TASK: Exactly the lines from the one containing "Live sex webcam" through the final line of the data are to be written out again, with nothing added.

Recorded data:
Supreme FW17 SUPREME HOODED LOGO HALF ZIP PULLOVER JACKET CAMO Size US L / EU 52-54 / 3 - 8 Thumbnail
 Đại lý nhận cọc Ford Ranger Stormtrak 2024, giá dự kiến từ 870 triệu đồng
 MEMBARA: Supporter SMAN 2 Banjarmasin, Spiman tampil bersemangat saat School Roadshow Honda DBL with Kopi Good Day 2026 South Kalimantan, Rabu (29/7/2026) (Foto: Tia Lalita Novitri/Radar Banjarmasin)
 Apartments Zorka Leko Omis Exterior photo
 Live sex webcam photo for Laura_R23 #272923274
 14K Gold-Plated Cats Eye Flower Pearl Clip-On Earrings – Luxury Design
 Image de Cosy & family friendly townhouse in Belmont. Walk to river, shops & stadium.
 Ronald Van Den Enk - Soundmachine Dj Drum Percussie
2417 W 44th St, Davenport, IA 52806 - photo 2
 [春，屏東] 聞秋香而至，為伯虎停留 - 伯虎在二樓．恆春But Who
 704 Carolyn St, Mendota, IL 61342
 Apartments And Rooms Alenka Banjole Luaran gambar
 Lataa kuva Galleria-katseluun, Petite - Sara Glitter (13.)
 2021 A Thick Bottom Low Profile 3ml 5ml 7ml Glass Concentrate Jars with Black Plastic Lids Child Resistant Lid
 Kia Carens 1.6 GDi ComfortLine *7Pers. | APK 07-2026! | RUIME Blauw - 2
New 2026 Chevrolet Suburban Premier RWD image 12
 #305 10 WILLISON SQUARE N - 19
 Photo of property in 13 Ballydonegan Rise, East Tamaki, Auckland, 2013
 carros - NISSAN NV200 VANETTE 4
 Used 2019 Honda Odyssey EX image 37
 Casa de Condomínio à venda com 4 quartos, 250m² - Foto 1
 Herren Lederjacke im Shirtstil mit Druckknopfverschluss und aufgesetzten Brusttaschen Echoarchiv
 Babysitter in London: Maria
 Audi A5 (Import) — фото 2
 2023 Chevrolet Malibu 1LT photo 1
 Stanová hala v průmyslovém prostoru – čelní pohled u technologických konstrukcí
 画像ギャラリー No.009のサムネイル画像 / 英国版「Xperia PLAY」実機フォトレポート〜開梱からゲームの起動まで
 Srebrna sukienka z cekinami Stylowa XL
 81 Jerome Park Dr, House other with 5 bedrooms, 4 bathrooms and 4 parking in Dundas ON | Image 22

SOLUTION TO THE EXERCISE:
 Live sex webcam photo for Laura_R23 #272923274
 14K Gold-Plated Cats Eye Flower Pearl Clip-On Earrings – Luxury Design
 Image de Cosy & family friendly townhouse in Belmont. Walk to river, shops & stadium.
 Ronald Van Den Enk - Soundmachine Dj Drum Percussie
2417 W 44th St, Davenport, IA 52806 - photo 2
 [春，屏東] 聞秋香而至，為伯虎停留 - 伯虎在二樓．恆春But Who
 704 Carolyn St, Mendota, IL 61342
 Apartments And Rooms Alenka Banjole Luaran gambar
 Lataa kuva Galleria-katseluun, Petite - Sara Glitter (13.)
 2021 A Thick Bottom Low Profile 3ml 5ml 7ml Glass Concentrate Jars with Black Plastic Lids Child Resistant Lid
 Kia Carens 1.6 GDi ComfortLine *7Pers. | APK 07-2026! | RUIME Blauw - 2
New 2026 Chevrolet Suburban Premier RWD image 12
 #305 10 WILLISON SQUARE N - 19
 Photo of property in 13 Ballydonegan Rise, East Tamaki, Auckland, 2013
 carros - NISSAN NV200 VANETTE 4
 Used 2019 Honda Odyssey EX image 37
 Casa de Condomínio à venda com 4 quartos, 250m² - Foto 1
 Herren Lederjacke im Shirtstil mit Druckknopfverschluss und aufgesetzten Brusttaschen Echoarchiv
 Babysitter in London: Maria
 Audi A5 (Import) — фото 2
 2023 Chevrolet Malibu 1LT photo 1
 Stanová hala v průmyslovém prostoru – čelní pohled u technologických konstrukcí
 画像ギャラリー No.009のサムネイル画像 / 英国版「Xperia PLAY」実機フォトレポート〜開梱からゲームの起動まで
 Srebrna sukienka z cekinami Stylowa XL
 81 Jerome Park Dr, House other with 5 bedrooms, 4 bathrooms and 4 parking in Dundas ON | Image 22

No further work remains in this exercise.